Rzeczniczka Prokuratury Okręgowej w Zamościu prok. Anna Rębacz potwierdziła, że śledztwo prowadzone jest w sprawie oszustwa polegającego na doprowadzeniu trzech dużych podmiotów z branży zbożowej do niekorzystnego rozporządzenia mieniem wielkiej wartości w wysokości 1 mln 537 tys. zł.
Jak podała prokurator, osoby zajmujące się skupem zboża w imieniu tychże spółek zostały wprowadzone w błąd co do kraju jego pochodzenia. Osoby uważały, że kupują zboże krajowe, tymczasem sprzedano im pszenicę techniczną z Ukrainy.
Prokurator wyjaśniła, że od września do listopada 2022 r. na terenie powiatu hrubieszowskiego przeprowadzono kilka takich transakcji, w ramach których spółki zakupiły ponad 1025 ton zboża. Jak wyjaśniła, śledztwo zostało wszczęte po zawiadomieniu Wojewódzkiego Inspektoratu Jakości Handlowej Artykułów Rolno-Spożywczych w Lublinie. Zastrzegła, że dla dobra pokrzywdzonych prokuratura nie ujawnia nazw spółek.
Zapytana o stan postępowania odpowiedziała, że zostało wszczęte pod koniec lutego br. i do tej pory nikomu nie postawiono zarzutów. – Przesłuchiwani są świadkowie, gromadzona jest dokumentacja – wymieniła prokurator.
Sprawcy oszustwa, który doprowadził do niekorzystnego rozporządzenia mieniem wielkiej wartości grozi od roku do 10 lat pozbawienia wolności.
We wtorek „Rzeczpospolita" podała, że prokuratura wszczęła śledztwo o oszustwo w związku ze sprzedażą zboża technicznego z Ukrainy jako polskie zboże spożywcze największym producentom mąki w kraju.
Jak napisała gazeta, ukraińskie zboże wjechało do Polski jako techniczne, więc przeznaczone do spalenia lub na pellet. Jedna z pokrzywdzonych firm - ustaliła „Rz" - użyła go do produkcji mąki.

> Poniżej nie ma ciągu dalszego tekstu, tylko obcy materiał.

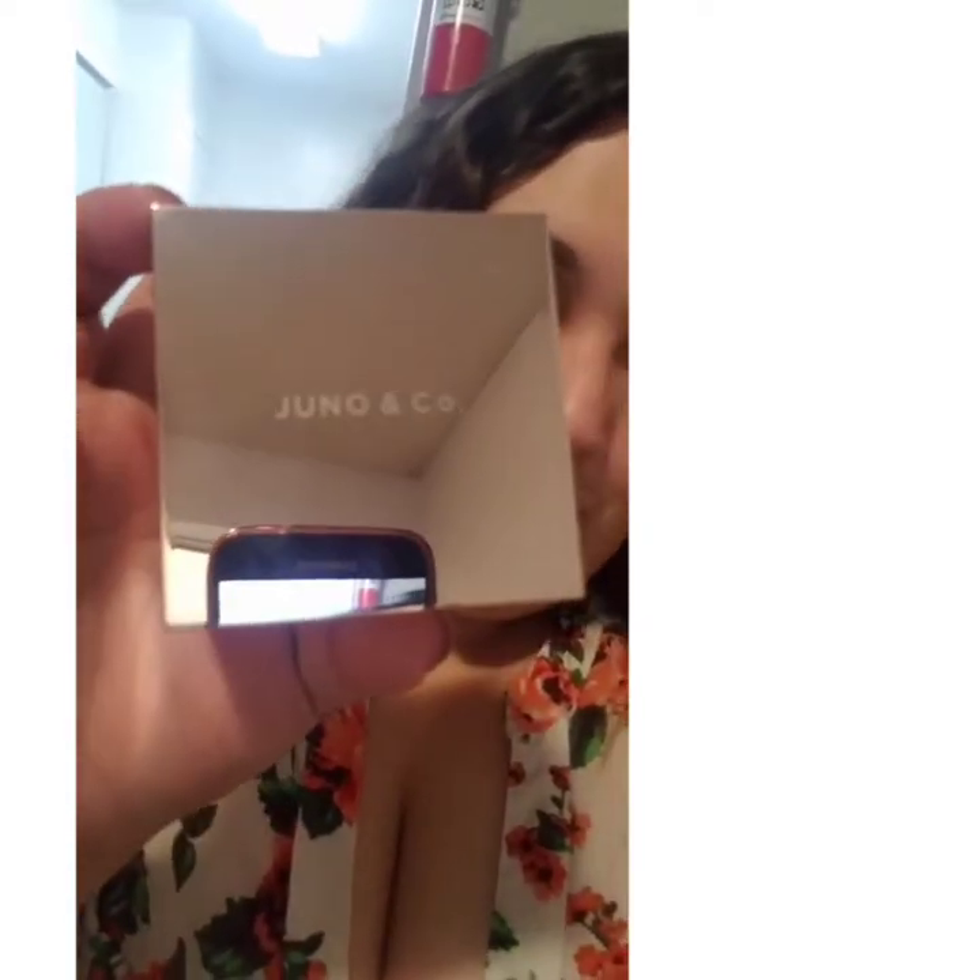You can visit them on Instagram at @thejunoco, and you can hashtag #JunoBlur and #JunoBabe — that's what I'm going to do when I post my photo. Let's take a moment to appreciate this beautiful glass packaging. It says Juno and Co right there — it's beautiful frosted glass all around, a square container, and it is very heavy. It says right here: Juno Blur Makeup Setting Powder, with beautiful lettering. It says brightening.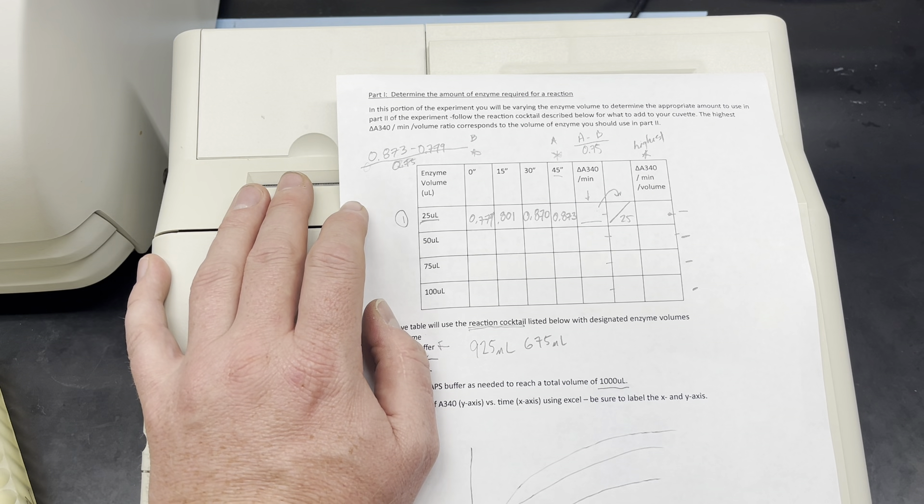So this gives me 0.779 all the way up to 0.873 — and forgive me if that first value was actually 0.774; I wrote it down but my handwriting isn't great. Now I'm going to take the last value, 0.873, minus 0.779, and divide that difference by 0.75. That result goes into this column. Then I take that resulting value and divide it by 25, and that's what ends up in the next column.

Według gazety, to niejedyne takie śledztwo. „Po tym, gdy proceder zaczęli ujawniać rolnicy, państwowe inspekcje – sanitarna, handlowa, weterynaryjna i jakości handlowej – na wniosek wojewody lubelskiego zaczęły kontrolować importerów zbóż z Ukrainy. Wykryto, że jeden z nich 66 ton zboża technicznego sprzedał krajowym producentom pasz" – napisała „Rz".